• **Data**:
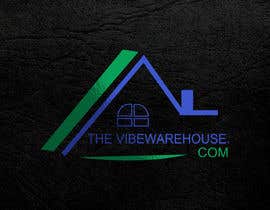 #55 para TheVibeWarehouse Logo Design Contest de paek27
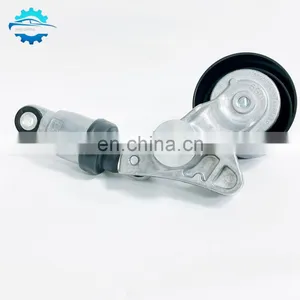 Belt Tensioner Assembly 31170-5G0-A01 Fits For Honda Accord Cr4 3.0 v6 Crosstour Tf4 Mdx Belt Tensioner thumbnail-2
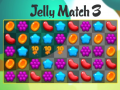 Laro Jelly Match 3 online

• **The problem**: The expected answer consists solely of the lines from the one with "Belt Tensioner Assembly" through the last line of the listing above, restated exactly, minus any pictures.

• **Solution**:
 Belt Tensioner Assembly 31170-5G0-A01 Fits For Honda Accord Cr4 3.0 v6 Crosstour Tf4 Mdx Belt Tensioner thumbnail-2
 Laro Jelly Match 3 online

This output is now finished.